Sur le long terme, les produits de cessions sont sur une pente descendante, pour deux raisons principales :
- les biens susceptibles de faire l'objet d'une « cession exceptionnelle » sont en nombre limité. Ils ne peuvent pas servir de ressource pérenne pour le compte d'affectation spéciale : on le constate cette année, où la non-réalisation d'une de ces cessions entraîne une baisse de 38 millions d'euros des produits de cessions ;
- les biens encore en stock sont les plus difficiles à céder. Cela s'explique par le fait que les biens les plus liquides ont déjà été vendus. L'indicateur portant sur la surface de bureaux remis au Domaine et inoccupés depuis 36 mois (ou plus) est ainsi bien supérieur à la prévision actualisée (47,4 % contre 38 %). Il est certes inférieur au résultat « plafond » atteint en 2021 (57,6 %) mais demeure supérieur au résultat atteint en 2020 (39,2 %) et en 2019 (21,2 %). Cette progression rapide de l'indicateur indique un risque potentiel important pour la soutenabilité du CAS à moyen et long terme.
Les redevances domaniales sont dynamiques, mais elles ne suffisent pas à assurer un niveau constant de recettes pour le CAS. Le risque est à terme que les recettes du CAS deviennent insuffisantes pour garantir la mise en oeuvre de toutes les opérations structurantes ou de gros entretien nécessaires à la valorisation du parc immobilier de l'État.
Évolution des produits de cessions
immobilières
et de redevances domaniales depuis 2015
(en millions d'euros)
Source : commission des finances du Sénat, d'après les documents budgétaires
Note : le sursaut de l'année 2019 s'explique essentiellement par trois cessions exceptionnelles : celle d'une partie de l'îlot Saint-Germain (Paris, 7e arrondissement) pour 368,1 millions d'euros, celle de l'hôtel de Seignelay (idem) pour 61 millions d'euros et celle du site de l'école normale supérieure Paris-Saclay pour 31,8 millions d'euros
Le rapporteur spécial réitère son soutien à la volonté de sortir de la logique du « tout cession », qui caractérisait la stratégie immobilière de l'État. Néanmoins, pour que cette stratégie soit viable, elle nécessite une véritable politique de valorisation des biens de l'État.
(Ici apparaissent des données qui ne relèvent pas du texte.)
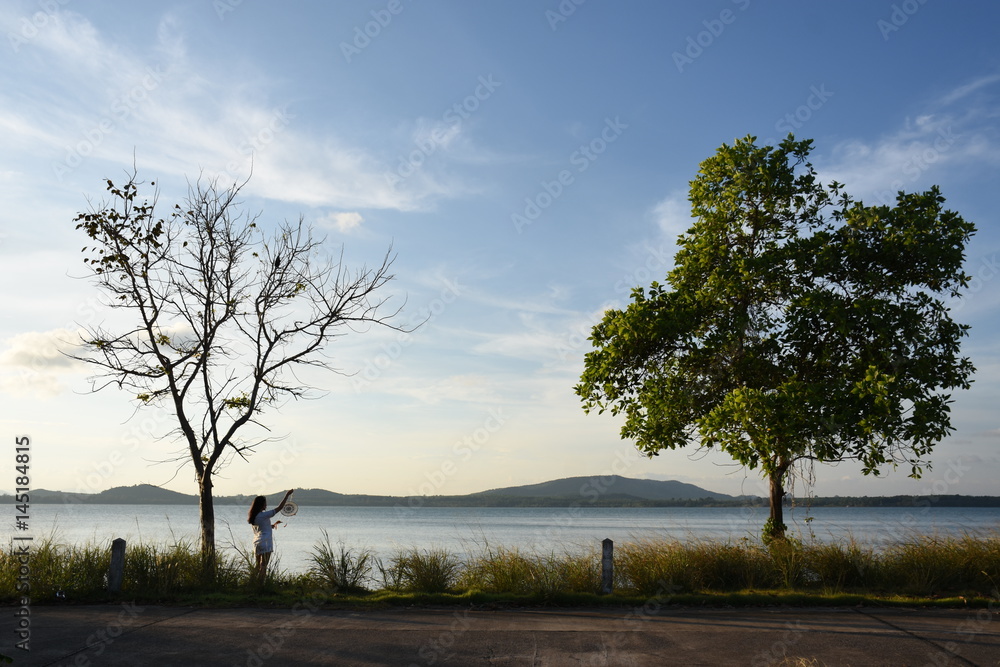 Fototapeta premium Women stand on the Gulf of Thailand at sunset.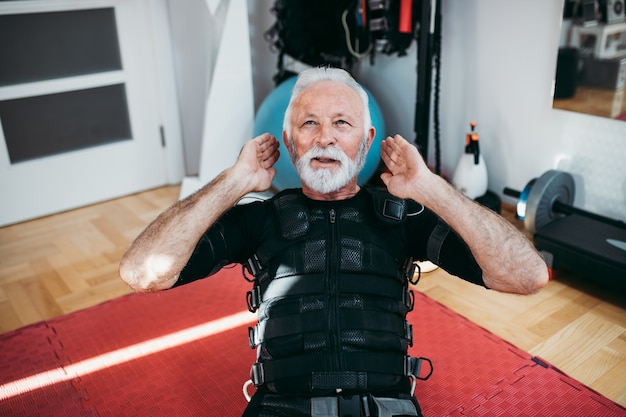 Good looking and positive senior man doing exercises in electrical muscular stimulation suit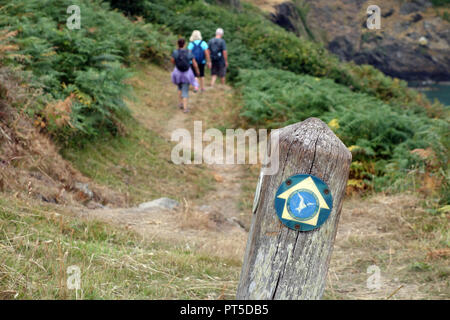 A Man & Two Women Hikers Walking by a Wooden Signpost on the Isle of Anglesey Coastal Path, Wales, UK. Stock Photo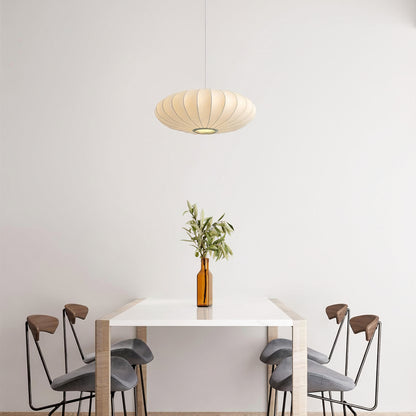 Modern dining area with a white table, gray stools, and a hanging lamp.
* 6 Ces informations, découvertes par Julien Lacaze, président de l'association Sites&Monuments, ont d'abord été révélées par le magazine La Tribune de l'Art fin novembre 2022.
* 7 « Vente des meubles du château de Grignon : quand l'État brade un patrimoine inestimable », 14 janvier 2023, France Info.
* 8 Cour des comptes, 22 février 2023 « Vente des meubles du château de Grignon : un réquisitoire d'initiative pris par le Procureur général près la Cour des comptes ».